Heller's declaration that the government can prohibit felons, categorically, from possessing firearms cannot be dismissed as dicta. The opinion conditioned Heller's right to keep a loaded handgun in his home on him not being “ disqualified from the exercise of Second Amendment rights,” 554 U.S. at 635, 128 S.Ct. 2783 (emphasis added)—that is, he qualified for the relief the Court granted him only “if he is not a felon and is not insane.” Id. at 631, 128 S.Ct. 2783. Heller's statement about felon-disqualification thus is not dicta; it limits the very relief Heller won. See United States v. Barton, 633 F.3d 168, 172 (3d Cir.2011) (“the Supreme Court's discussion in Heller of the categorical exceptions to the Second Amendment was not abstract and hypothetical; it was outcome-determinative”); United States v. Rozier, 598 F.3d 768, 771 n. 6 (11th Cir.2010) (“[t]o the extent that ... Heller limits the Court's opinion to possession of firearms by law-abiding and qualified individuals, it is not dicta”); United States v. Vongxay, 594 F.3d 1111, 1115 (9th Cir.2010) (under Heller, “felons are categorically different from the individuals who have a fundamental right to bear arms”; this holding is not dicta because if Heller proved to be a felon or insane, he was “disqualified” from Second Amendment protection); see also United States v. Marzzarella, 614 F.3d 85, 90 n. 5 (3d Cir.2010) (collecting cases and noting that “ ‘there is dicta and then there is dicta, and then there is Supreme Court dicta’ ” (quoting Schwab v. Crosby, 451 F.3d 1308, 1325 (11th Cir.2006))).

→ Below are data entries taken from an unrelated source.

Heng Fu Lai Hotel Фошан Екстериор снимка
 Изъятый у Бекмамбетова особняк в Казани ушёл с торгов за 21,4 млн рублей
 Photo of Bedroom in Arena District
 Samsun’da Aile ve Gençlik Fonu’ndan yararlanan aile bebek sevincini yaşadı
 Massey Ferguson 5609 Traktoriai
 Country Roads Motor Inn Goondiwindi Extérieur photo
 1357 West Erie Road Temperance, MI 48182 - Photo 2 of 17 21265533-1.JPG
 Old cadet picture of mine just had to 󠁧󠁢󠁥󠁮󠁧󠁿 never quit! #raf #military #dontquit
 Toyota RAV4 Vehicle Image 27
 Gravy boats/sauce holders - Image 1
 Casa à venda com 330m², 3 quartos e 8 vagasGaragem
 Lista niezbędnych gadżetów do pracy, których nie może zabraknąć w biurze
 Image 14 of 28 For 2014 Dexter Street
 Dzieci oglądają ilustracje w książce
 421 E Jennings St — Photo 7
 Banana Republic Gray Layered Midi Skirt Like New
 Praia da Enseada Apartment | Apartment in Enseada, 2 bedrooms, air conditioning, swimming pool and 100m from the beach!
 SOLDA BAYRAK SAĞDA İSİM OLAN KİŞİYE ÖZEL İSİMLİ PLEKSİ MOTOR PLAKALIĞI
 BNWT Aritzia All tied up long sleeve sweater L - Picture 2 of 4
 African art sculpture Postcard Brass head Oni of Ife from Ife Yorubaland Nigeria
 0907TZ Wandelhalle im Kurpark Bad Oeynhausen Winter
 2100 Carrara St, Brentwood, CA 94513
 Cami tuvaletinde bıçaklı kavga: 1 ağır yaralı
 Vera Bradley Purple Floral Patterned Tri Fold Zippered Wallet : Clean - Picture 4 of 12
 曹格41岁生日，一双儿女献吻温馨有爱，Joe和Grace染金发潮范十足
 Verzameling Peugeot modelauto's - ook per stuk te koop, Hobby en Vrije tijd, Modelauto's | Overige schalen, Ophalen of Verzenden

We recognize, as the Third Circuit did in Marzzarella, that Heller's footnoted reference to felon-dispossession laws, among others, being “presumptively lawful” could mean one of two different things. “On the one hand, this language could be read to suggest the identified restrictions”—here, a prohibition against felons possessing any type of firearm—“are presumptively lawful because they regulate conduct outside the scope of the Second Amendment.” Marzzarella, 614 F.3d at 91. On the other hand, it may mean that such restrictions “are presumptively lawful because they pass muster under any standard of scrutiny.” Id. Although both readings are reasonable, “the better reading, based on the text and the structure of Heller, is the former—in other words, that these longstanding limitations are exceptions to the right to bear arms.” Id. We agree. Heller does not treat felons (and the mentally ill) as having qualified Second Amendment rights but, rather, as “exceptions” to its coverage. 554 U.S. at 635, 128 S.Ct. 2783. This comports with the Heller majority's categorical approach—and consequent, emphatic rejection of the judicial balancing advocated by the dissent. Id.; see Joseph Blocher, Categoricalism and Balancing in First and Second Amendment Analysis, 84 N.Y.U. L.Rev. 375, 375, 405 (2009) (“[f]rom its central holding, which extends broad protection to the ‘individual’ right to bear arms unconnected from militia service, to its flat exclusions of felons, the mentally ill, and certain ‘Arms' from constitutional coverage, the majority opinion in Heller was categorical in its approach”; “[t]he least discussed element of District of Columbia v. Heller might ultimately be the most important: the battle between the majority and dissent over the use of categoricalism and balancing in the construction of constitutional doctrine”).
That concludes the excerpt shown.